Masa Jabatan Terbatas, Peluang
Merata
Peraturan baru ini juga
menetapkan masa jabatan kepala sekolah selama dua periode masing-masing
empat tahun, dengan kemungkinan perpanjangan satu periode dalam kondisi
tertentu. Aturan ini tidak hanya menjamin kesinambungan kepemimpinan, tetapi
juga membuka ruang regenerasi dan mobilitas vertikal bagi guru-guru lainnya
yang berpotensi.
Selain itu, dua regulasi lama
resmi dicabut, yakni Permendikbudristek No. 40 Tahun 2021 dan sebagian
Permendikbudristek No. 26 Tahun 2022 tentang Pendidikan Guru Penggerak. Ini
menegaskan bahwa aturan main telah berubah, dan semua pihak harus beradaptasi
dengan sistem yang baru.
Guru Penggerak: Turun Tahta
atau Ujian Nyata?
Bagi para Guru Penggerak,
perubahan ini mungkin terasa seperti “turun tahta”. Gelar dan pelatihan yang
sebelumnya dianggap eksklusif, kini tidak lagi menjadi keistimewaan utama dalam
kontestasi kepemimpinan. Namun, sesungguhnya ini adalah kesempatan untuk
membuktikan kualitas secara lebih adil.
Tanpa jalur istimewa, Guru
Penggerak tetap bisa bersaing melalui mekanisme yang sama dengan guru
lainnya. Ini sejalan dengan semangat profesionalisme dan keadilan: bahwa
kepemimpinan sekolah harus diraih karena kapabilitas, bukan karena label.
Penempatan Tugas:
Pertimbangkan Jarak Tempuh dan Kesejahteraan Guru
Salah satu poin penting namun
sering terabaikan dalam diskusi tentang penugasan kepala sekolah adalah keseimbangan
antara lokasi penugasan dan domisili guru. Permendikdasmen No. 7 Tahun 2025,
meski lebih menitikberatkan pada proses seleksi dan pelatihan, juga membuka
ruang untuk kebijakan daerah yang lebih manusiawi dan berkeadilan dalam hal
penempatan tugas.
Idealnya, dalam proses penugasan
kepala sekolah, instansi terkait baik dinas pendidikan kabupaten/kota maupun
provinsi perlu mempertimbangkan kedekatan tempat tinggal guru dengan lokasi
sekolah. Pertimbangan ini penting, mengingat banyak guru yang mengalami beban
tambahan akibat jauhnya tempat tugas, yang berdampak pada efektivitas kerja,
beban psikologis, hingga keseimbangan kehidupan pribadi dan profesional.
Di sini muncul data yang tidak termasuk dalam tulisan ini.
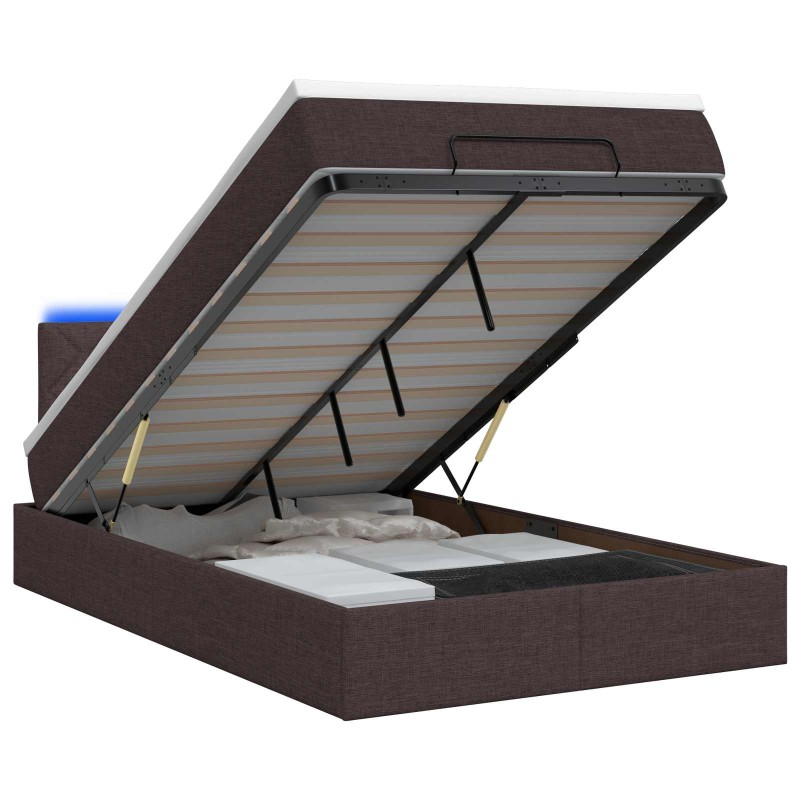 vidaXL Κρεβάτι Ottoman με Στρώμα και LED Σκούρο Καφέ 120 x 190 cm
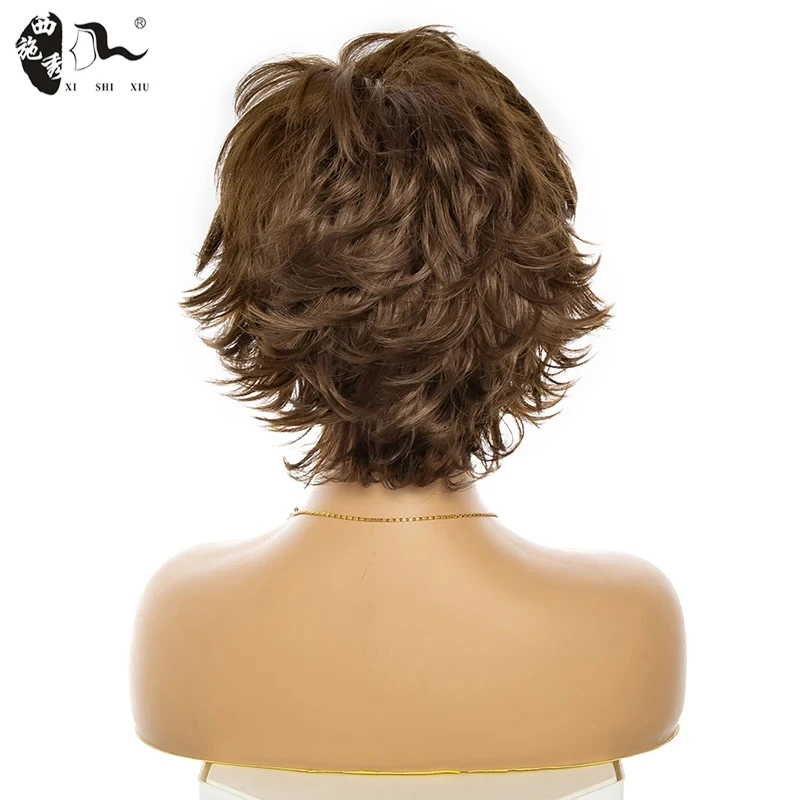 Short Blonde Hair Natural Wave Layered Hair Pixie Cut Synthetic Wigs With Fluffy Bangs For Women Heat Resistant Fiber Daily Wigs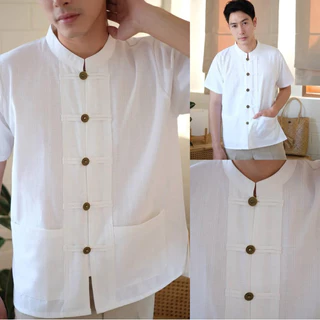เสื้อคอจีนผู้ชาย ผ้าฝ้ายชินมัย รุ่นกระดุมเหรียญ สีพื้น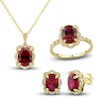 Thumbnail Image 0 of Lab-Created Ruby Ring, Earring & Necklace Set 1/3 ct tw Diamonds 10K Yellow Gold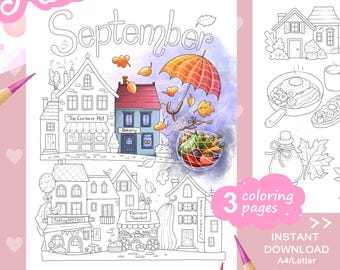 Set di pagine da colorare con piccole illustrazioni di settembre: cittadina accogliente, raccolto, cibo. PDF stampabile.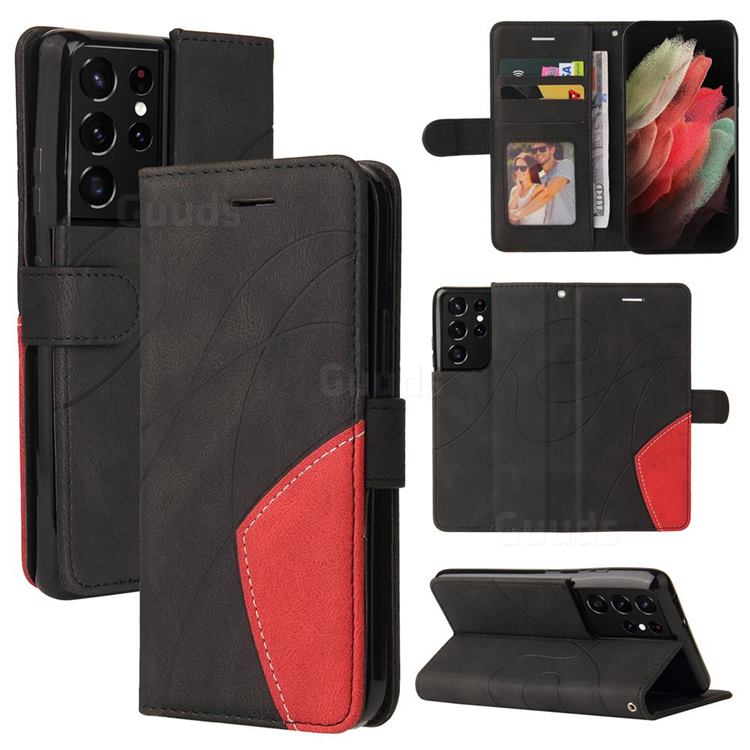 Luxury Two-color Stitching Leather Wallet Case Cover for Samsung Galaxy S21 Ultra - Black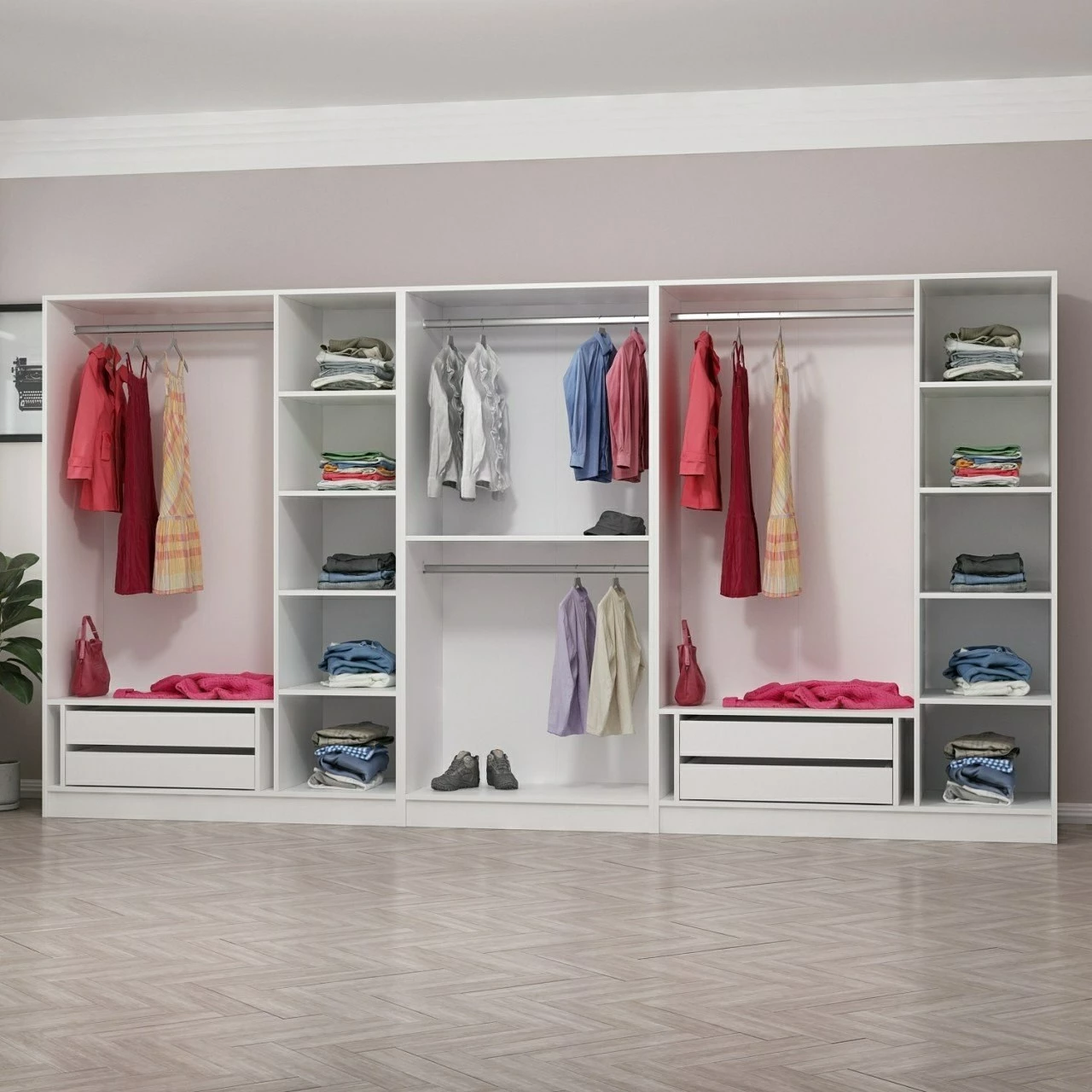 Dollap rrobash Skye Decor, i bardhë, 360x210x52cm, 8 pjesë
Dengan sistem baru yang lebih
terbuka, diharapkan penugasan kepala sekolah tidak hanya mengedepankan hasil
seleksi dan sertifikasi, tetapi juga faktor geografis dan keberlanjutan sosial,
termasuk ketersediaan transportasi, kondisi keluarga, serta peluang kontribusi
jangka panjang di komunitas setempat.
Babak Baru: Seleksi yang Lebih
Sehat dan Terbuka
Dengan diberlakukannya
Permendikdasmen Nomor 7 Tahun 2025, pemerintah ingin memastikan bahwa kepala
sekolah yang terpilih benar-benar melalui proses seleksi yang objektif,
pelatihan yang komprehensif, dan dilahirkan dari sistem yang adil dan
terbuka. Tak ada lagi jalur cepat. Tak ada lagi eksklusivitas. Yang ada
hanyalah kompetisi sehat berbasis kapasitas.
Jika implementasinya berjalan konsisten, maka
ini bisa menjadi tonggak baru dalam upaya reformasi tata kelola sumber daya
manusia pendidikan. Harapannya, sekolah-sekolah di Indonesia akan dipimpin oleh
para pemimpin yang benar-benar siap, bukan karena pernah berada di ruang
program tertentu, tetapi karena memang layak secara substansi.